Voice recognition hack wins Chicago #DataDev Hackathon

From creating an extension to enable users to set personalized alerts on their dashboard to voice-driven solutions—you won’t want to miss this recap of our Chicago #DataDev Hackathon.

In a city where deep dish pizza and hot dogs reign supreme, Chicago also serves up generous servings of innovation. And innovation is exactly what the Tableau Developer Platform team found during the second stop of the 2019 #DataDev Hackathon series.

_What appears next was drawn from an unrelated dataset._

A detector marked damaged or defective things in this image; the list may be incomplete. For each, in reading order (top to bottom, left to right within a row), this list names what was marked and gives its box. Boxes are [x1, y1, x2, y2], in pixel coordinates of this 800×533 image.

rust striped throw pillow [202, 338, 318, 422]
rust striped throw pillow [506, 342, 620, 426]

The hackathon series has a deceptively simple goal: in 24 hours, hack Tableau and bring an innovative idea to life. In Chicago, teams created hacks that were anything but simple, ranging from an extension to enable users to set personalized alerts on their dashboards from a pop-up, to a solution that assists marketing teams with their Twitter strategy. All the hacks were next-level stuff, but in the end, the winning hack was built by Motorola Solutions.

Interactive, voice-driven solution goes beyond traditional BI

Motorola beat teams from University of Chicago, the Chicago Police Department, and digital agency Conversant Media-who worked on hacks for nearly eight hours before demos began.

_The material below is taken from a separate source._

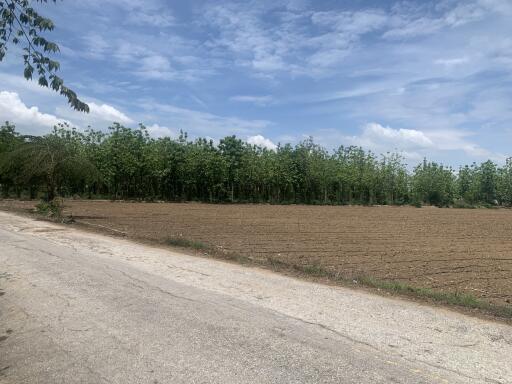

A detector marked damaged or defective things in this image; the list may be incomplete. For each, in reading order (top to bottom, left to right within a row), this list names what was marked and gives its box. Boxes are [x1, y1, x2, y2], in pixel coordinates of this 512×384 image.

cracked asphalt [0, 212, 510, 382]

The hack has a maximum team size of four, so the Motorola group was able to field two teams.

The winning team included Benjamin Goodman, Tableau platform lead; Clara Wu, data relationship manager; Erica Li, business data engineer; and Shailesh Patel, Global Data Analyst. The team built a voice command driven solution that delivers custom-filtered reports to the requestor's email on demand. This also included a monitoring dashboard to track requests, their performance on the Tableau Server, capture fulfillment status, and establish the most requested unfulfilled phrases for future development.

According to Benjamin, “We whiteboarded a lot of ideas. We wanted to see what we could accomplish and bring back to Motorola. It was built on top of a reoccurring theme. Over the past six years, demanding customers (sales and execs who want to be informed but don’t necessarily understand the BI tools) and the increasing number of IOT uses. So, we thought why not use that to build something that could potentially be a cool solution for us. Then, the week before the hack, an article came out on a google assist for your car so wanted to bring that type of functionality (AI and voice-command) to our hack. Some of our chatbot efforts also fed into this. Asking info from chatbot comes back in a text format so we wanted to bring something more informative and analytical.”

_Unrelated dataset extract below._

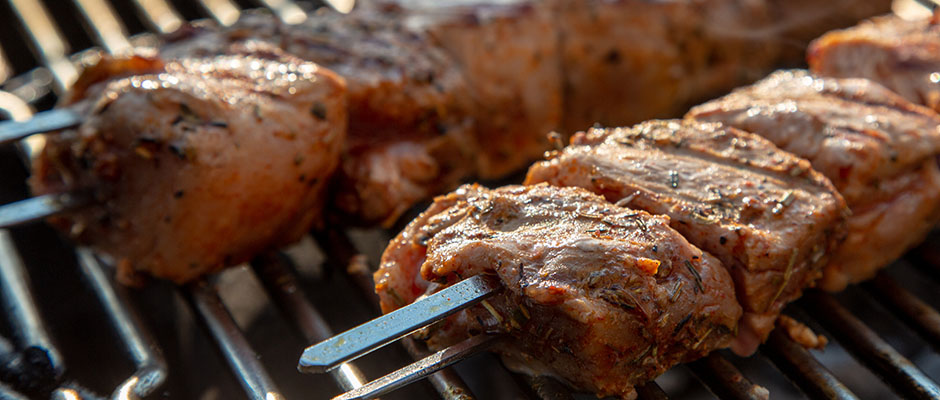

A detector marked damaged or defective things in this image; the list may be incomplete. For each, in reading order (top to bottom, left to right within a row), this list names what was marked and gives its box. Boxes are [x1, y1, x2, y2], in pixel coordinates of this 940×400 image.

rusted grill bar [688, 354, 768, 400]
rusted grill bar [760, 326, 856, 398]
rusted grill bar [800, 290, 940, 400]
rusted grill bar [864, 274, 940, 352]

Erica comments, “Yeah, we wanted to encourage users to go beyond the traditional BI reporting, something more interactive.” But it wasn’t all work and no play for the Motorola team, their Business Data Engineer Erica Li saw Flex, the Tableau Developer Program mascot and found a kindred spirit. “I saw and loved the T-Rex and knew it was going to be a good event!” she said. The team used the event and T-Rex props to take some great team photos.

Team photo from the hackathon

Members of the Motorola teams that competed against each other at the DataDev Hack

The hack was held at Tableau partner Narrative Science’s offices and started off with a networking Happy Hour where Tableau Developer Evangelist Keshia Rose provided an API walk through and discussed examples of hacks attendees could build during the event. Hack teams were not only competing for a trophy and bragging rights, but also free passes to this year’s Tableau Conference in Las Vegas.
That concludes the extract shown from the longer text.